The future of navigation in Google’s Android phone, first seen in the T-Mobile G1, has a lot to do with pointing the phone at buildings, restaurants, stores, etc., and getting information about that location.

When it ships on Oct. 22, the G1 will have no turn-by-turn directions, but it will offer GPS and cell ID capability so users can pinpoint a location on a map and navigate toward it.

One of its coolest features is 360-degree Street Views of your location. If you pan your phone while standing on a street, the view of the buildings changes in a realistic fashion. The phone is able to do this by combining its compass and accelerometer.

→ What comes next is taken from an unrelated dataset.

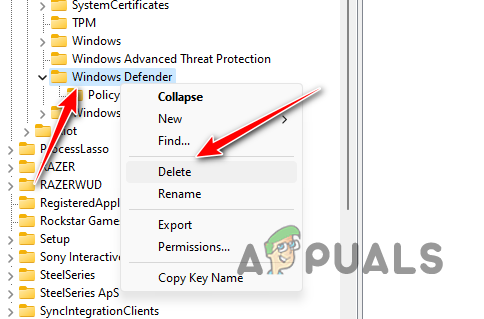 Deleting Windows Defender Keys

Google’s lead product manager of the Android team, Erick Tseng, said it is possible this feature could be applied in a moving vehicle to offer more detailed side views of the streets as you drive. Street views for the G1 is demonstrated about one minute into this clip.

Developers at Enkin are working on a program for Android that identifies buildings as you point your phone at them, Tseng said. “You point your phone at a building and it says ‘4 Times Square.’ A bubble pops up on the screen overlaid on the image and says you are looking at the Conde Naste building and it can pull other information up off of the Web … That is one of the top examples of what is beginning to break ground.”

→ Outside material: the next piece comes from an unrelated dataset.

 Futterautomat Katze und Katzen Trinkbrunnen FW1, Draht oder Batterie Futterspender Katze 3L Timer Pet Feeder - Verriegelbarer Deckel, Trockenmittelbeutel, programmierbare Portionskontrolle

You can see what Enkin is up to in a very rough way here.

The next step will be advertising. “If you take that Enkin program, an example is —  it’s your first time in Paris and you’re walking down the Champs Elysee … all you have to do is hold your phone up and it tells you what you are seeing,” said Tseng.  As you walk, an ad might pop up that the American Express travel bureau is down the street, and when you pan your phone over it, you see an offer for a commission-free money exchange, he added.

Tseng doesn’t know how many developers are working on adding turn-by-turn directions to the G1 but said the process is slowed as per-user licensing fees are required by the map makers. But, he said, “there’s nothing to stop third-party partners from individually negotiating with the map makers.”